Domo is enterprise ready. That’s the key takeaway Domo wanted to project at Domopalooza, held March 22-23 in Salt Lake City. The event drew more than 3,000 attendees and saw keynote appearances from enterprise-scale customers including Target, GE Digital, UnitedHealth Group and Univision.
Domo has surpassed the 1,000-customer mark, and more than half of its revenue now comes from $1 billion-revenue-plus enterprise customers, according to company executives. At Domopalooza, CEO and founder Josh James announced that the company has reached a $120-million-annual-revenue run rate. That’s a fraction of the $827 million in revenue rival Tableau reported in 2016 and a rounding error compared to Microsoft’s revenue (although that company doesn’t break out PowerBI revenue, which is Domo’s competition). Nonetheless, given Domo’s claimed 100% growth rate and the list of enthused customers at Domopalooza, it’s time for a closer look.

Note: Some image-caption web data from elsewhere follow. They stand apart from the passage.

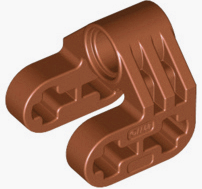 LEGO Technic connectors - Vertical, split axle and pin connection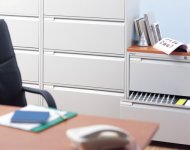 Three-drawer metal filing cabinet SYCI08/30/0/3 - 3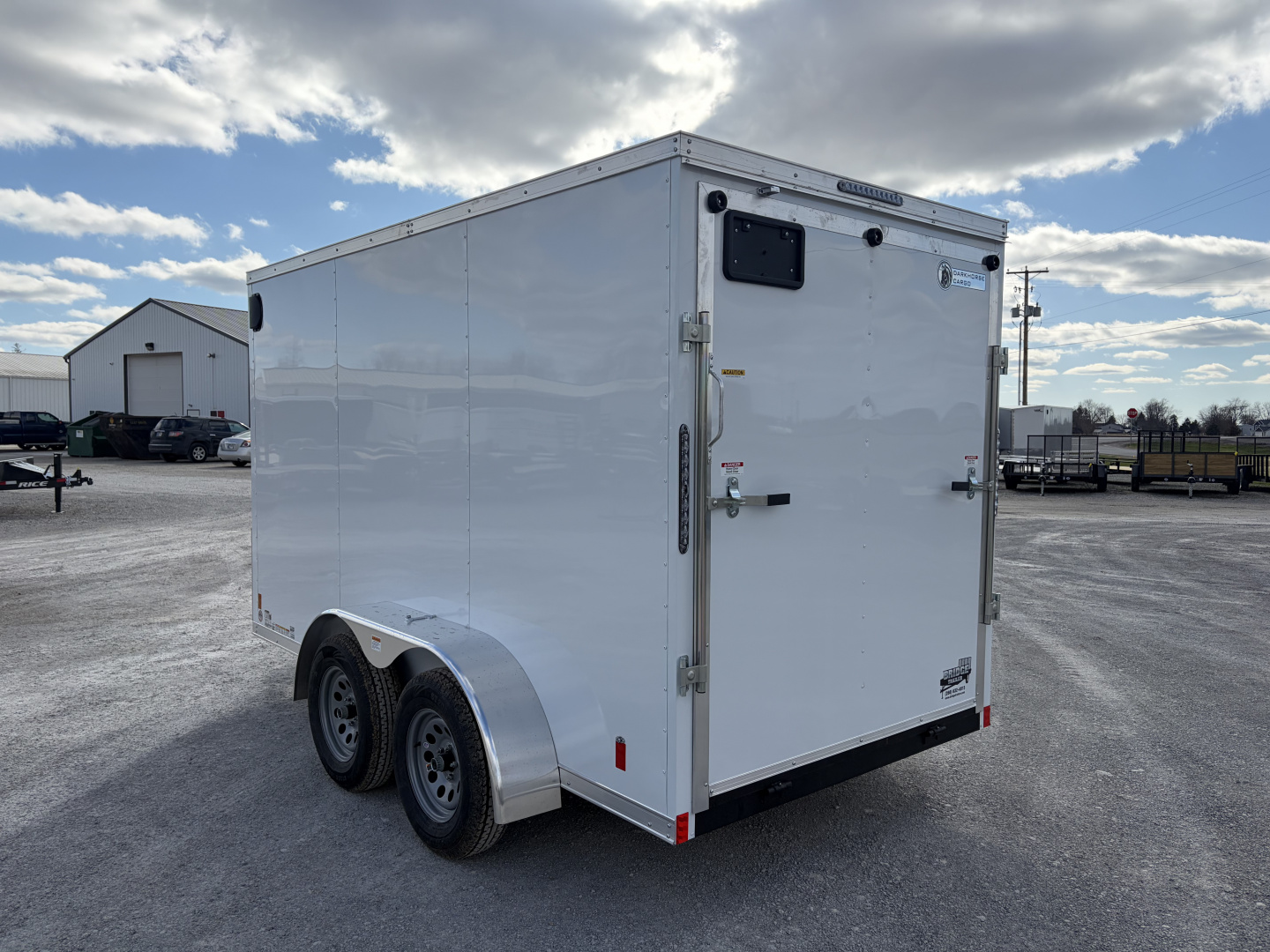 New 2026 Darkhorse Cargo DHW6X12TA35 (6' X 12') 7K V-Nose 1500 Series Cargo / Enclosed Trailer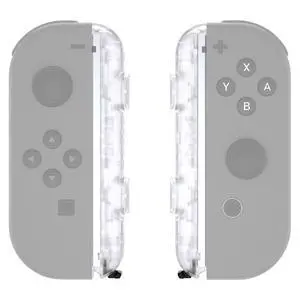 DIY Replacement Shell for Joycon Strap, Transparent Clear Custom Controller Wrist Strap Housing Buttons for Nintendo Switch & Switch OLED Model - 2 Pack @ DIY Replacement Shell for Joycon Strap, Transparent Clear Custom Controller Wrist Strap Housing Buttons for Nintendo Switch & Switch OLED Model - 2 Pack @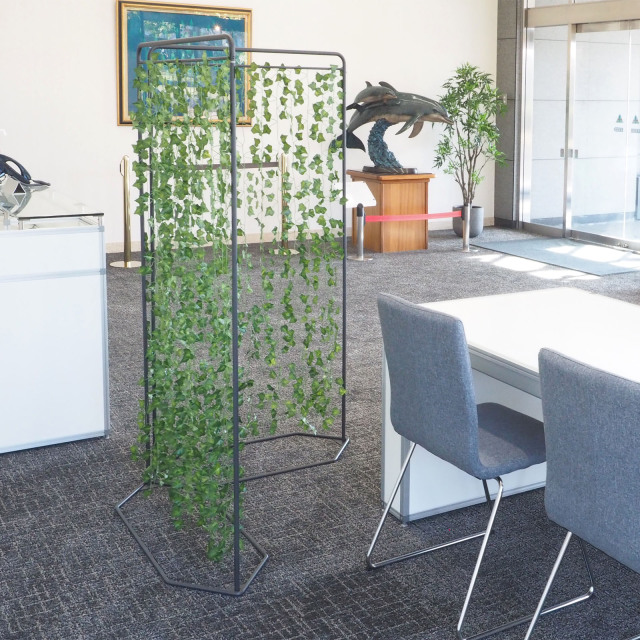 グリーンパーティション設置例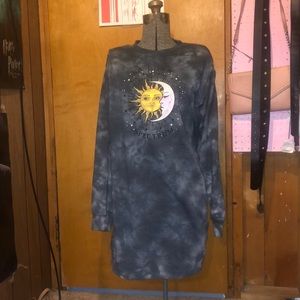 Forever 21 La Luna Sweatshirt Dress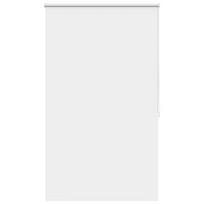 vidaXL Roletas su tamsinančiu sluoksniu, 84,4x175 cm, audinys, plotis 80 cm, baltos spalvos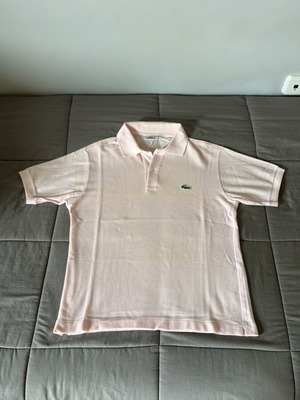 Lacoste polo pink used, size S
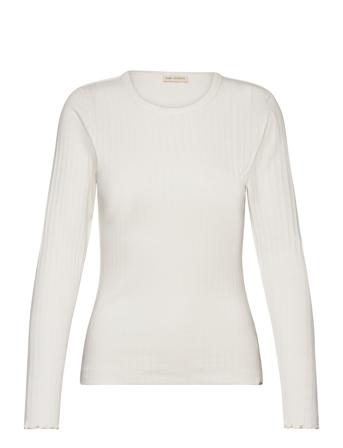 Esella Ls Top Gots Tops T-shirts & Tops Long-sleeved White Esme Studios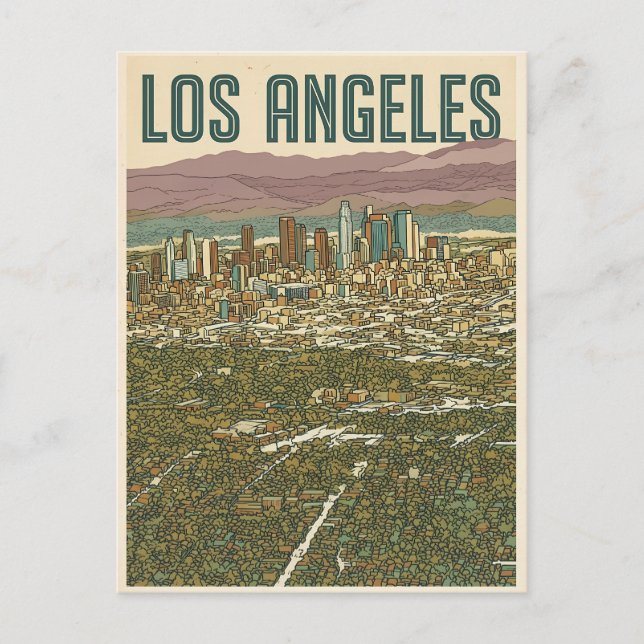 Los Angeles  Postcard (Front)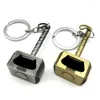 Keychains Hammer Beer Opener Keychain Shield Keyring Chains Key for Men Car Jewelry Gifts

Domo CEO Josh James focused mostly on interviewing big customers during
his keynote time at Domopalooza 2017.
Previously co-founder and CEO of Omniture, James founded Domo in 2010 shortly after selling his old company to Adobe for $1.8 billion. The Domo executive team is loaded with Omniture veterans, and they tell the story that James came up with the idea for Domo because he was so frustrated with the incumbent tools available for business insight when he was the CEO at Omniture. The intent was to build an agile, cloud-based analytics platform in the mold of Omniture, but designed to handle diverse business data sources (beyond the Web, mobile and social data analyzed in Omniture).
Domo runs in Amazon’s cloud, and it includes components to capture, prepare and visualize data and then engage in collaboration and optimize business decisions. The platform’s back-end data warehouse, the Domo Business Cloud, scales up at cloud speed and handles diverse data sources, including semi-structured and sparse data. At Domopalooza the company announced that its data store has surpassed 26 petabytes, making it the largest cloud-based analytical data store of its kind, according to James.

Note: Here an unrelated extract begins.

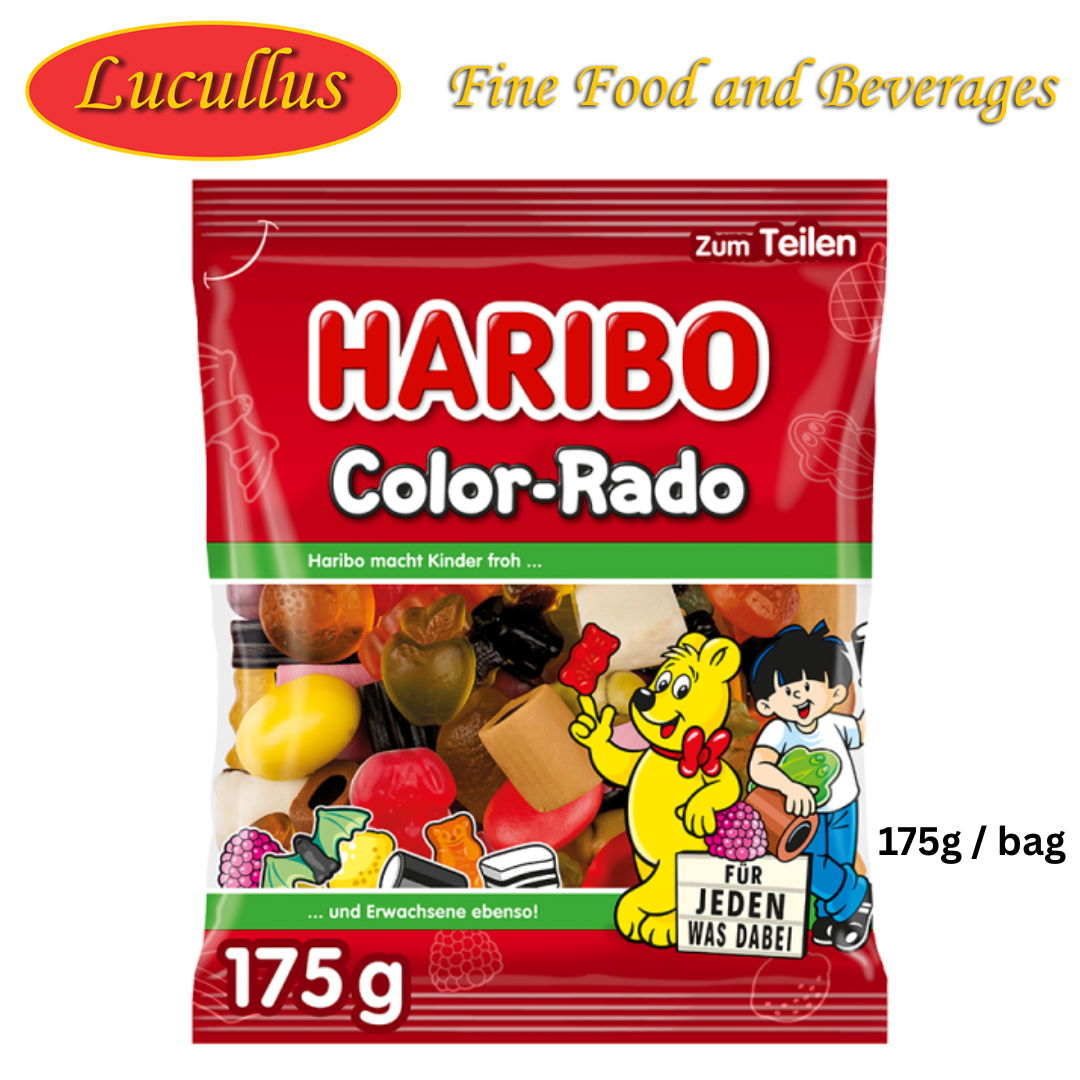 HARIBO - COLOR RADO LAKRITZE FRUCHTGUMMIMIX / LIQUORICE & FRUIT JELLY MIX 175G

Domo’s largest customer, Target, spoke to the platform’s scalability during a keynote interview. Target loads data on every item and every transaction from about 2,000 stores into the Domo Business Cloud at 15-minute increments, explained Ben Schein, Director of BI & Analytics. Where store-level reporting was previously updated once a week, Schein said Domo brings near-real-time insight into store operations, purchasing and stocking trends to 1,500 to 1,700 users per week. James acknowledged that Target helped Domo learn how to scale, harden and mature its platform.
To capture data, Domo has created more than 400 pre-built connectors to popular data sources. A data-transformation tool called Magic lets users join and blend data through a drag-and-drop interface. The company partners with data-integration vendors like Informatica and Talend to support more sophisticated ETL work.

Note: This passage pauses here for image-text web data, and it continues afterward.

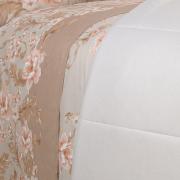Jogo de Cama King 150 fios - Gladys Bege - Dui Design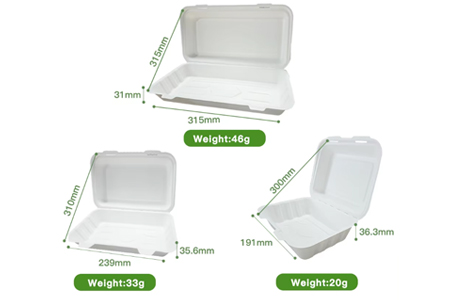 bagasse fish and chips boxes size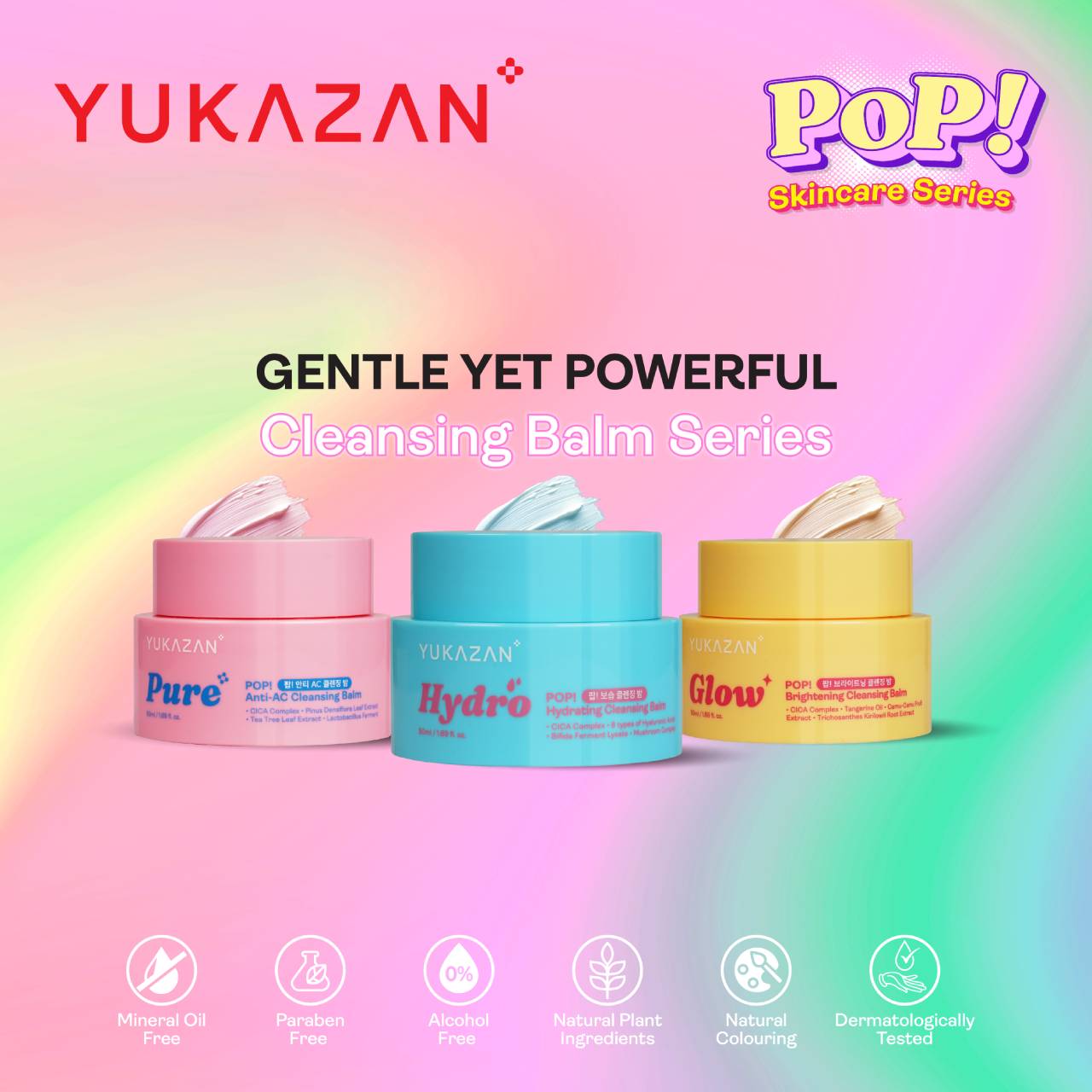 Yukazan POP! Pure Anti Acne Cleansing Balm Make Up Remover 50ml / Remove Waterproof Make Up / Cleanser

Domo’s front-end data-analysis environment combines pages, cards and applications. Pages are analogous to dashboards and cards are individual visual analyses. Pages and cards are mobile first, meaning you build them once and they dynamically render for phone, tablet or desktop viewing. The company has more than 1,000 applications, which are pre-built, but customizable visual analyses, such as a Social Index app for benchmarking brand popularity and net promoter scores or the Sales Forecast app, which measures predictions against actuals and quotas, with drill-down analysis of rep and manager performance. There’s also a SQL-like “Beast Mode” that enables power users to develop custom transformations and analyses.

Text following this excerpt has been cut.